The exact date this drive-in opened was July 21, 1937…according to a 1948 Providence Journal Almanac entry.
The ads always said “Providence.” It was on the Providence side of the city line with Pawtucket. I too remember going to the Lonsdale Twin for some horror triple bill.
I don’t know if the Loew’s was in Pawtucket or Providence, but one other drive in — a twin I believe — was the Lonsdale Twin in Pawtucket.
I remember this drive-in well and it was open well into the 1970s. My family would go to the drive-in every Friday night in the early 1970s and I went with them in ‘71, '72 & '73. I know we went to the Loew’s many times.

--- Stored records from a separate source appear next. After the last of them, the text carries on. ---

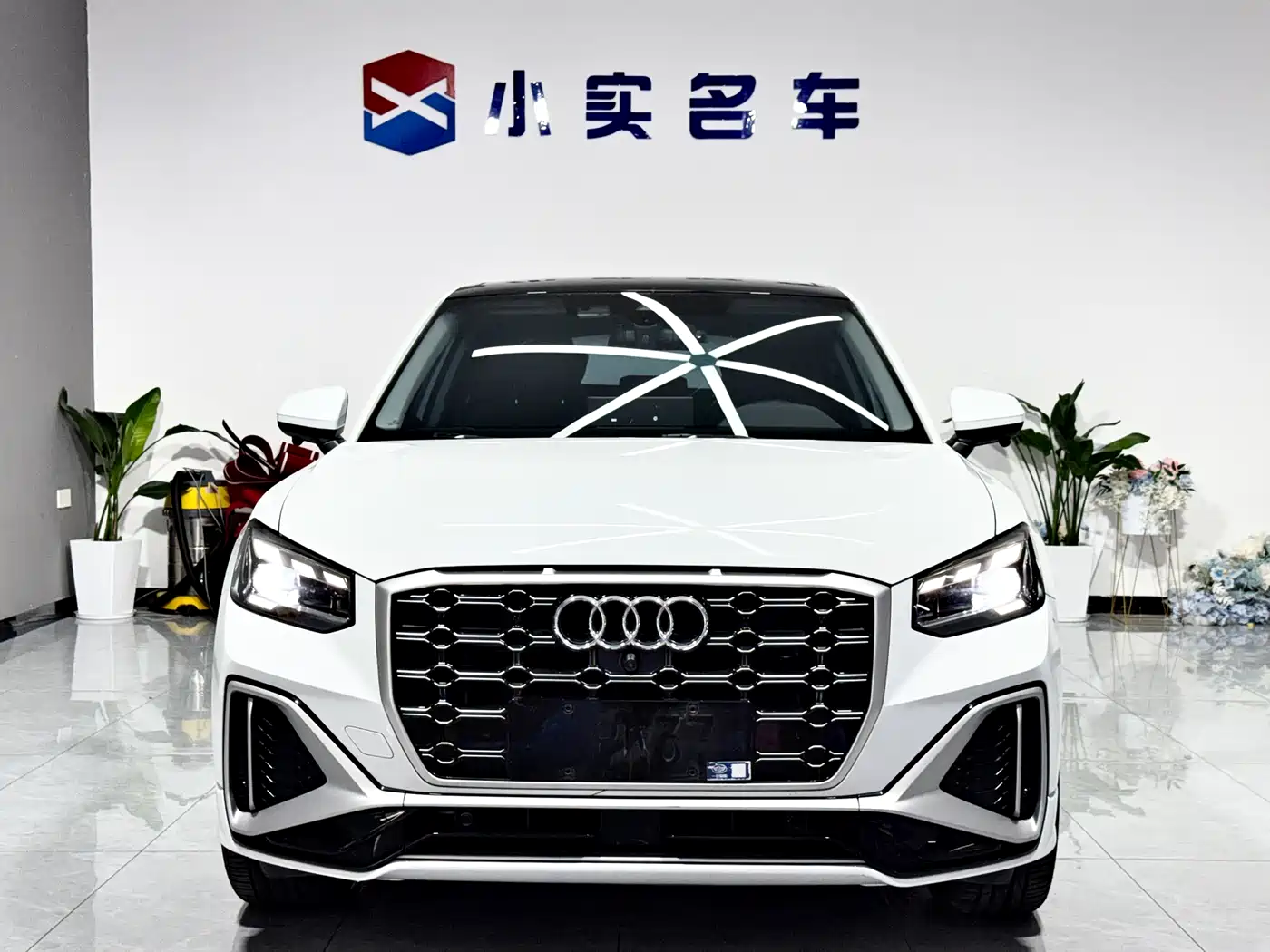 AUDI Q2L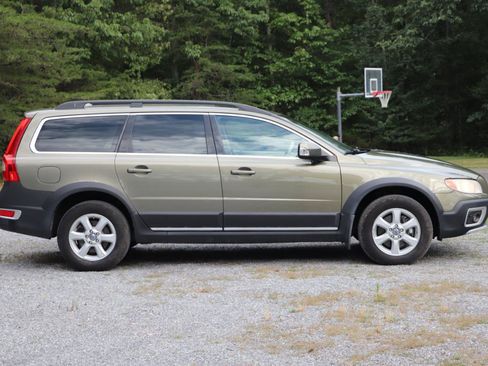 Used 2011 Volvo XC70 3.2 AWD/4WD image 2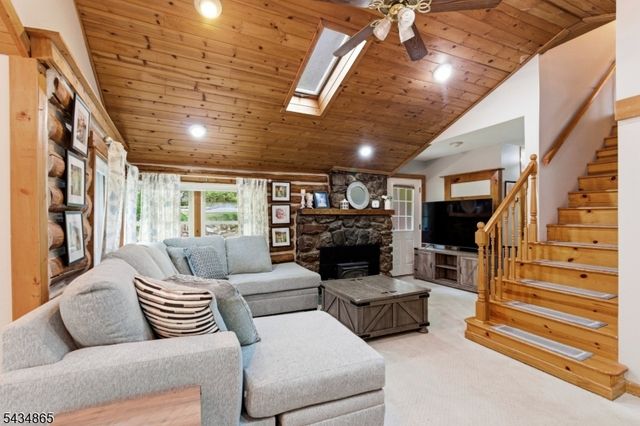 158 Glenside Trl, Byram Twp., NJ 07871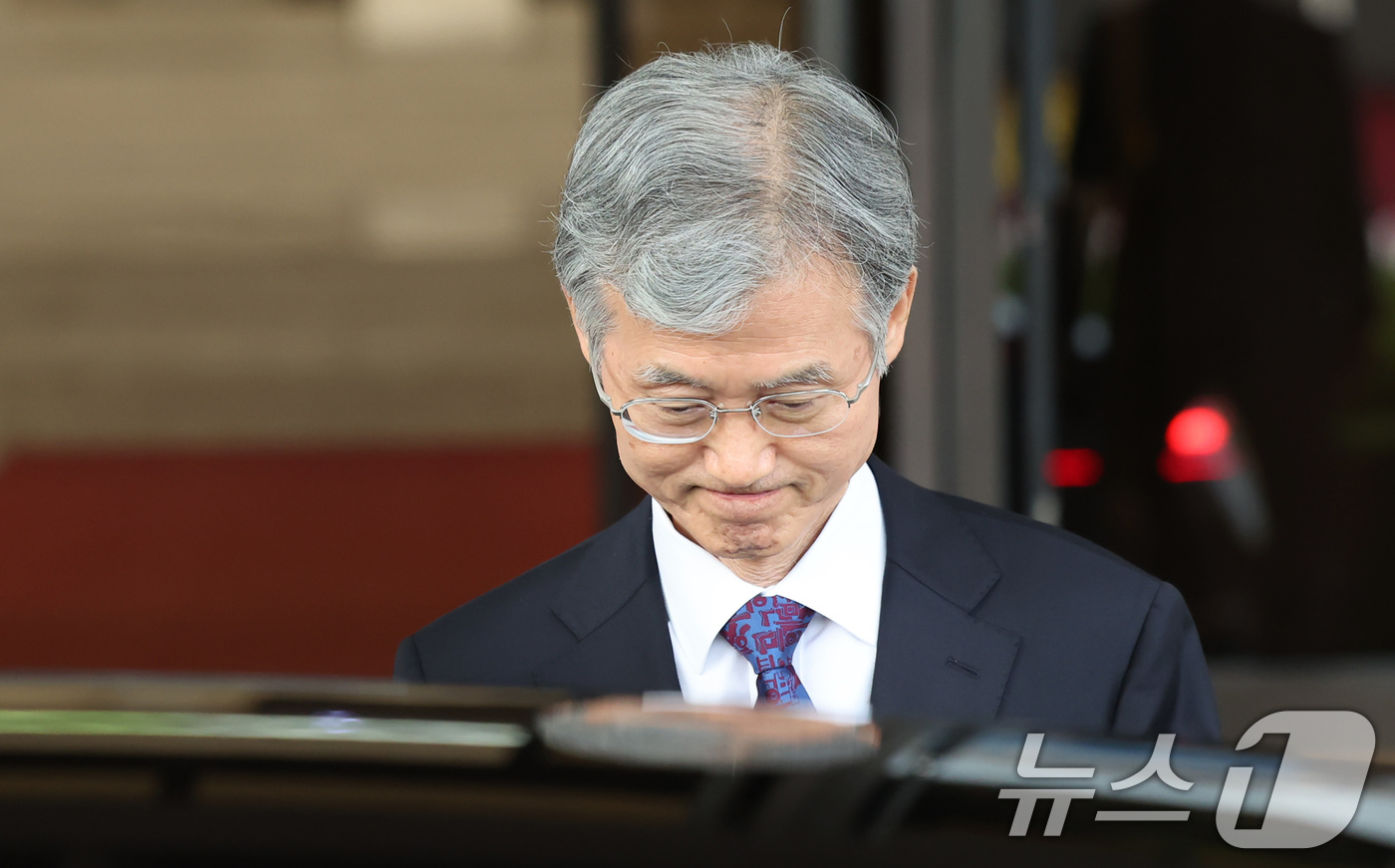 (서울=뉴스1) 장수영 기자 = 더불어민주당이 내란전담재판부 설치를 놓고 이견을 표한 조희대 대법원장에 대한 사퇴 공세를 높인 15일 저녁 서울 서초구 대법원에서 조희대 대법원장이 …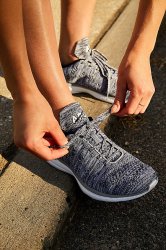 apl uk trainers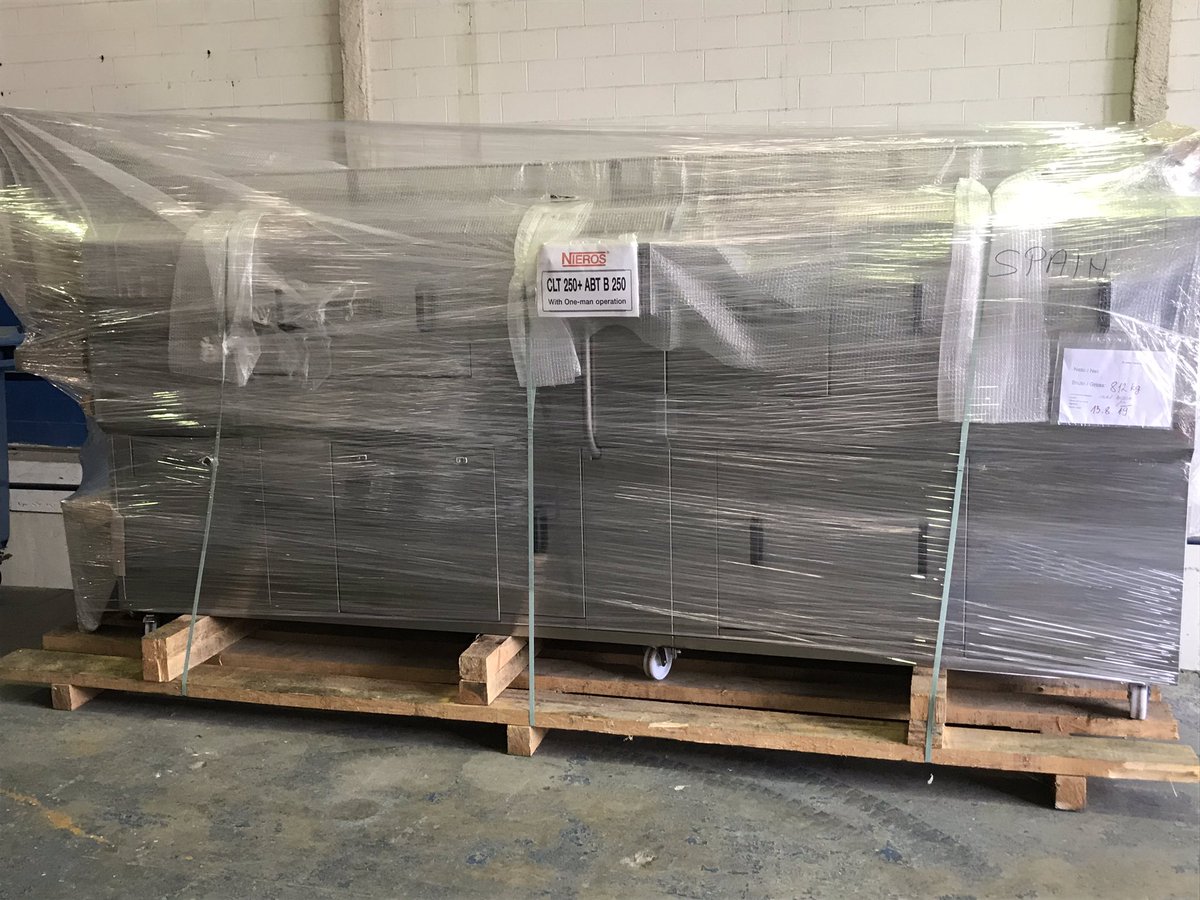 solproyectos's tweet photo. Estan llegando las maquinas para la @MeatAttraction  Con ganas e ilusion..!!!#carnica #carnicas #embutidos #porcino #vacuno #carniques #cortadoras #picadoras #hamburguesas #lavadoras #foodtech #slicers #washing #prebreacker https://t.co/C9bLVjSs7G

It was parallel to Route 95 on the Providence/Pawtucket line. I remember there was a Benny’s near the drive-in/highway. It was an old brick building and the back of Benny’s, which faced the highway, was painted white with Benny’s in bright red letters. I think the drive-in was between Benny’s and Route 95.
My memory is foggy, but I think some night there were actually triple-features. I also may have the drive-in wrong, but I think I saw a film here called “The Burglars,” which for some reason was one of those films that always stayed with me and a film I’ve always wanted to see again, but it never shows on TV and never came out on video/DVD. It stars Jean Paul Belmondo, Omar Shariff and Dyan Cannon. I don’t know how it will hold up, but I remember liking it. There is one scene where either Belmondo or Shariff punches one of those plastic clowns that is weighted on the bottom. You blow it up. I have no idea why I remember that one scene.
Interesting fact is that this was the site of the Providence Cycledrome in the 1920’s. The Cycledrome was a bicycle track/football field that was home to the NFL football Providence Steam Roller from 1925-1931. This team won the 1928 NFL Championship by tying the Green Bay Packers 7-7 in the last game of the season at this field. The Cycledrome was torn down in the 1930’s and replaced with Loew’s theater in 1937. This was one of the earliest drive-ins in the country. I visited the site in the early 1980’s, and remnants of the drive-in still remained. I distinctly remember the burned-out projection building was still there, though not much of anything else remained. I think there is a strip mall on the site now.